Как же быстро все изменилось! Поведение людей, их язык, школа, работа. Даже те, кого поначалу не заставляли немедленно подчиняться, стали играть по правилам. Уже в 1933-м все было молниеносно, за несколько дней, не недель, переделано на новый лад. «Одной из удивительных черт национал-социалистического переворота, — писала в 1938 году Эрика Манн в книге «Школа варваров. Воспитание при нацистах», — оказалась та скорость, с которой в 1933 году были перевернуты все значения и смыслы, когда стало возможным называть черным все, что еще недавно было белым».
То же самое произойдет потом, когда все закончится, и тоже за считаные дни. Ханна Арендт, для которой все происходящее было очень личным, еще до того, как она взялась разрабатывать тему «банальности зла», задастся вопросами о сути человека (не немца, а именно человека): «Почему он вообще согласился стать винтиком? Что случилось с его совестью?.. И почему в послевоенной Германии не нашлось нацистов? Почему все смогло перевернуться вверх дном во второй раз, попросту в результате поражения?»
Виктор Клемперер, остававшийся в нацистской Германии до самого конца и выживший, написал знаменитую книгу о языке Третьего рейха (Lingua Tertii Imperii — LTI):
«Самым характерным, возможно, и самым ранним детищем его (языка Третьего рейха. — А. К.) было слово Gleichschalten, «подключиться». Так и слышишь щелчок кнопки, приводящей людей… в движение, единообразное и автоматическое».
Другой выживший — Карл Ясперс в знаменитом послевоенном курсе лекций о виновности немцев объяснял саму готовность подключаться:
«…многие люди не хотят по-настоящему думать. Они ищут только лозунгов и повиновения. Они не спрашивают, а если отвечают, то разве что повторением заученных фраз. Они умеют только повиноваться, не проверять, не понимать, и поэтому их нельзя убедить».
Точнее, переубедить. А тем, кто все понимает и находится в состоянии перманентного страха, чтобы выжить, следует приспособиться, стать такими, как все, желательно невидимыми и неслышимыми. А кто ставит себе задачу слиться с толпой, тому нужно из пассивного конформиста попытаться превратиться в активного, для чего совершить акт инициации, например, убийство, как это показали Альберто Моравиа, а затем, уже киносредствами, Бернардо Бертолуччи в «Конформисте» на примере Марчелло Клеричи.
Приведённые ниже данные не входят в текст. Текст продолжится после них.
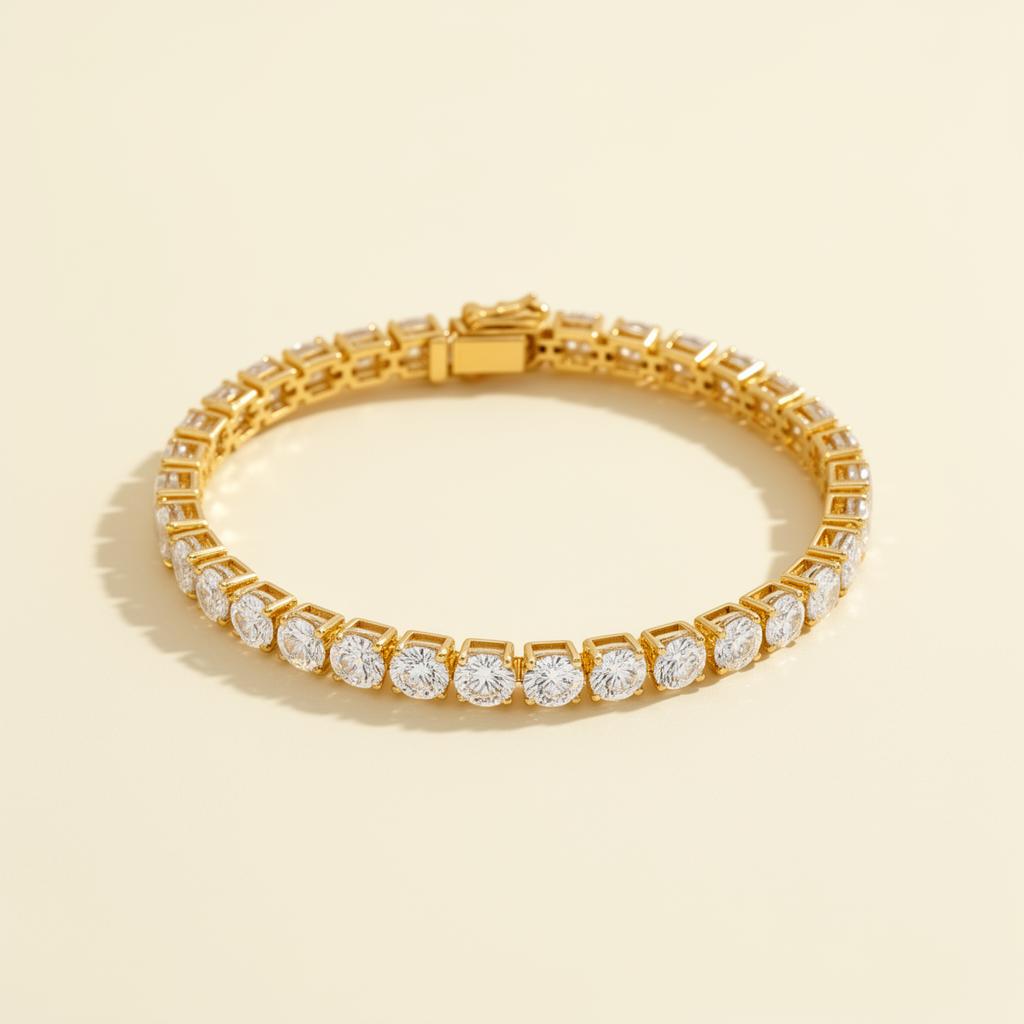 Waterproof Tennis Bracelet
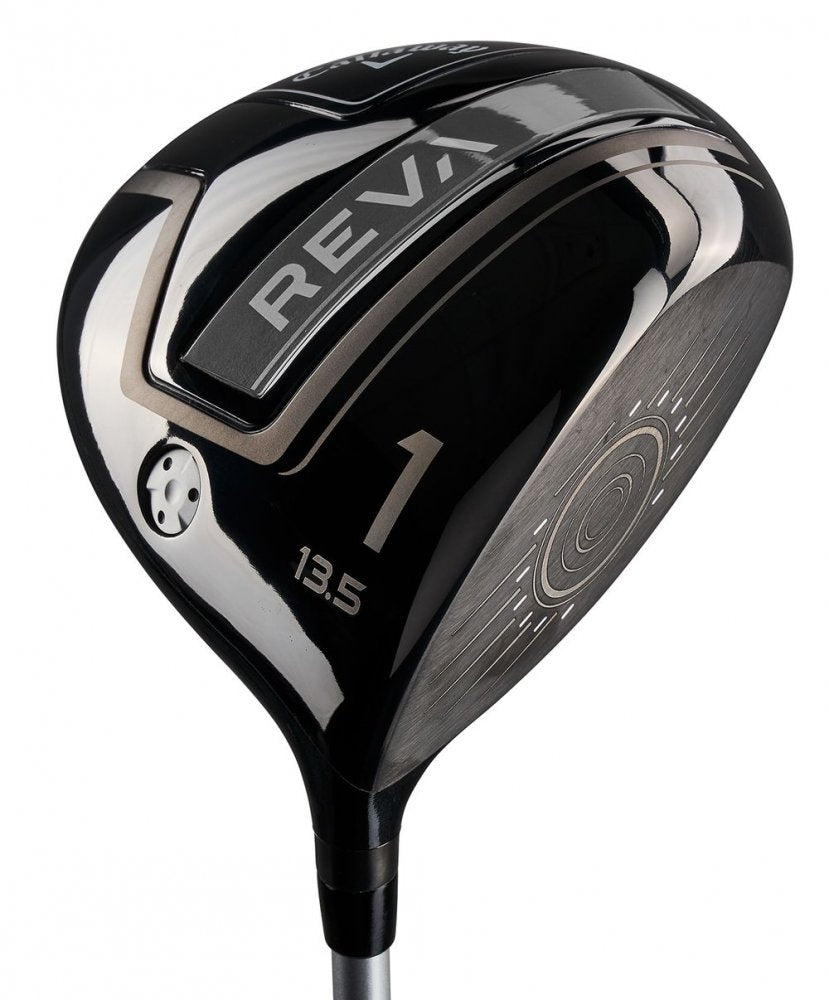 Callaway Reva, 11pcs, Black, pravé držení, golfový set pro ženy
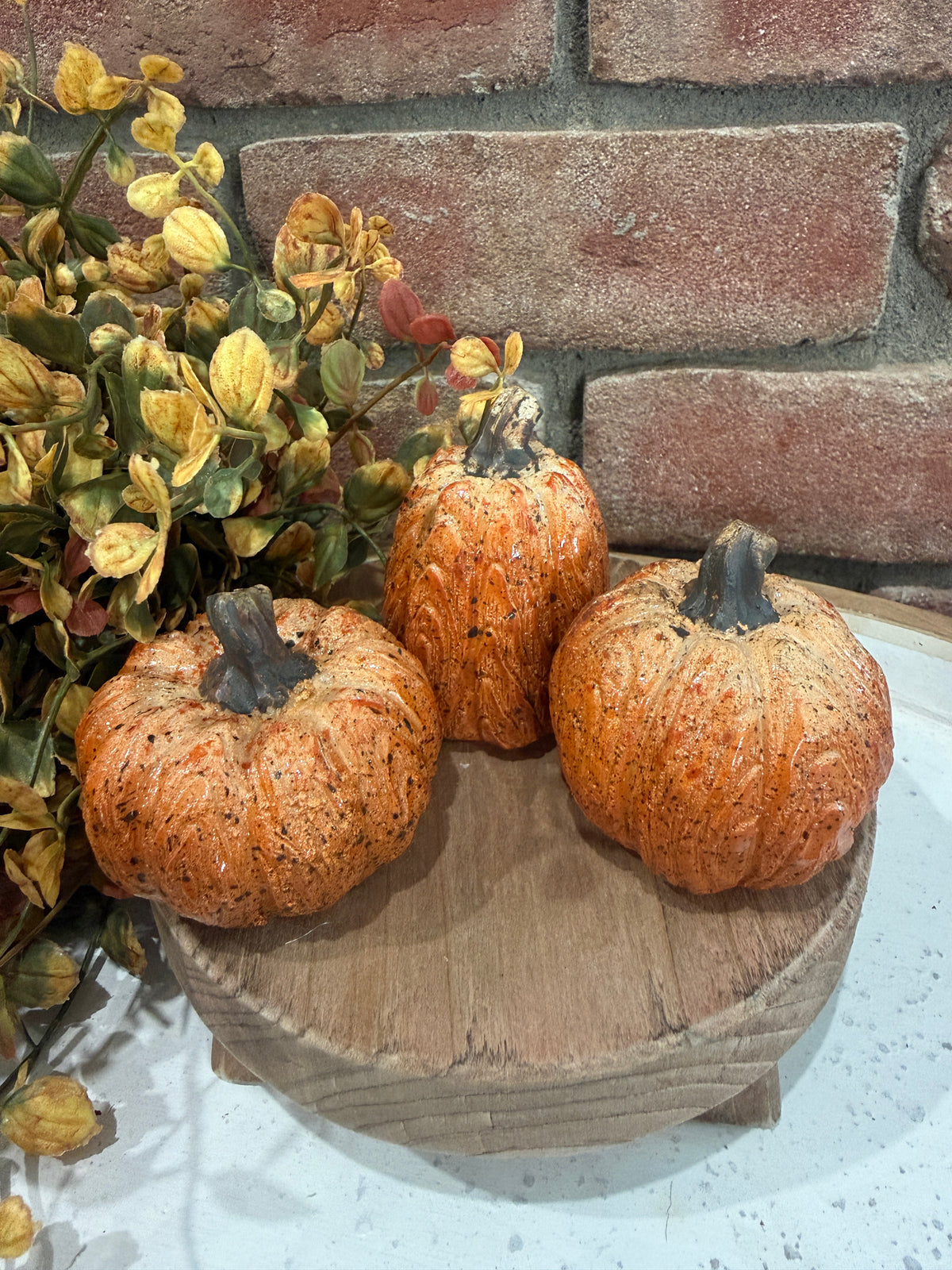 Mini Rustic Pumpkins -3 Styles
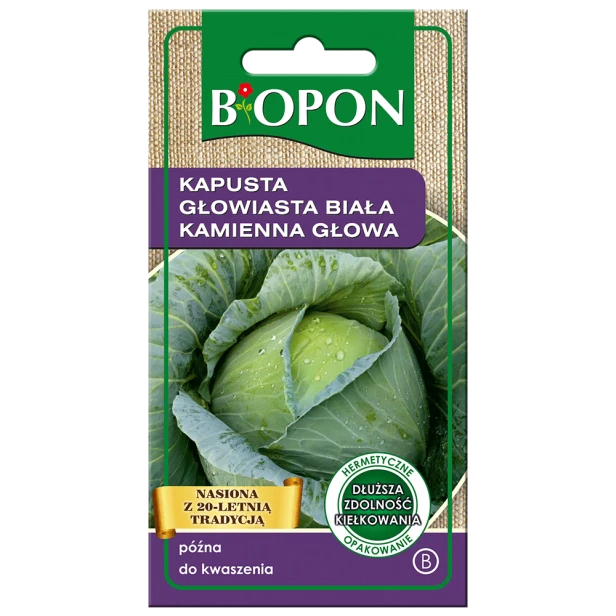 Kapusta biała Kamienna Głowa 2g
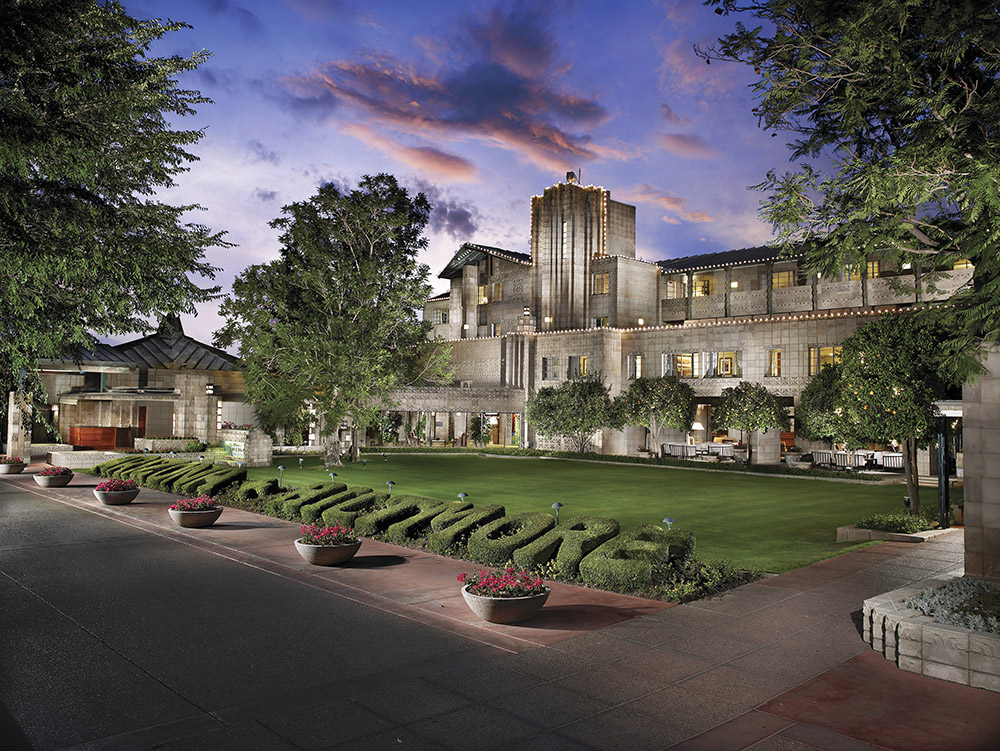 The Arizona Biltmore is chock-full of history and a magnet for notable guests.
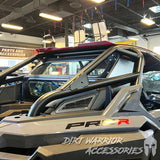 Polaris RZR Pro R Rear Windshield 2022-24 by Dirt Warrior Accessories
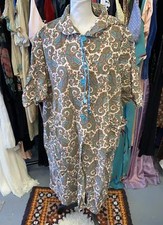 Authentic Vintage 1950s Robe
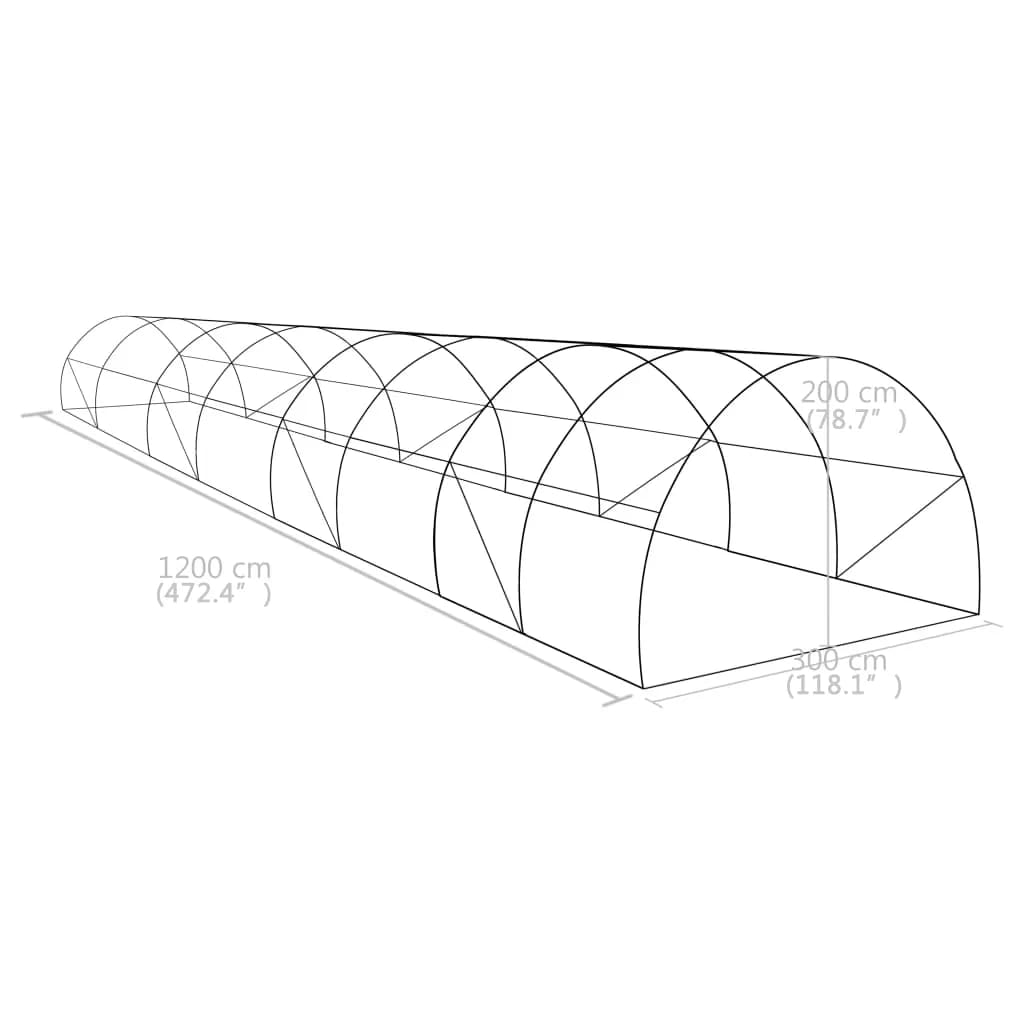 Kas 36 m² 1200x300x200 cm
Был еще один выживший — познавший раннюю славу благодаря работе «Бытие и время» профессор философии Фрайбургского университета Мартин Хайдеггер. Весной 1933-го ему было 43 года.
В марте 33-го Хайдеггер посетил Карла Ясперса в Гейдельберге. К тому времени автор «Бытия и времени» уже несколько лет как разорвал любовную связь с Арендт, и последнее пылкое письмо к ней было условно датировано зимним семестром 1932/1933 годов. Пылкость была связана с тем, что он опровергал дошедшие до нее слухи о его публичном антисемитизме. Мартин доказывал Ханне, что отстранился от всего, его не было во Фрайбурге, а его ассистенты и коллеги по-прежнему в основном евреи. Что отчасти было правдой — и спустя короткое время он и пальцем не пошевельнет, когда уволят его ассистента, наполовину еврея.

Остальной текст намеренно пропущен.